11.07.2012 - Tobias Simon
Erst kürzlich berichteten wir über Pläne einer Heimkonsole auf Basis des Android-Systems, welche für knapp 100 US-Dollar veröffentlicht werden soll. Das Ouya getaufte System wird ganz normal am TV angeschlossen, verfügt über einen Controller und soll die Spieler mit kostenfreien Spielen versorgen. Verantwortlich zeichnen für das Projekt Yves Behar, Muffi Ghadiali und Ed Fries.
War damals noch nicht hundertprozentig klar, ob es das gute Stück, das auch zu hacken sein soll, auch tatsächlich in heimische Wohnzimmer schaffen wird, darf dies nun als gesichert gelten. Im Laufe des gestrigen Tages wurde nämlich eine entsprechende Kickstarter-Kampagne gestartet, über die Ouya per Crowdfunding finanziert werden sollte. Als Ziel wurden dabei 950.000 US-Dollar angegeben, für 95 Dollar kann man sich sein persönliches Exemplar der Konsole inklusive Controller sichern.
Dieses Ziel wurde schneller als gedacht erreicht.
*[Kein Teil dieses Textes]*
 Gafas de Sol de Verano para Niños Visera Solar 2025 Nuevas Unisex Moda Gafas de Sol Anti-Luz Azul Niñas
In weniger als zwölf Stunden waren von 7.774 Unterstützern bereits 969.509 US-Dollar beisammen; mittlerweile wurde auch die 2-Millionen-Marke durchbrochen, obwohl die Aktion noch satte 28 Tage läuft. Wenn ihr auch euer Konsolenexemplare schonmal ordern oder euch auch nur über Ouya informieren wollt, legen wir euch den Besuch der entsprechenden Kickstarter-Seite ans Herz.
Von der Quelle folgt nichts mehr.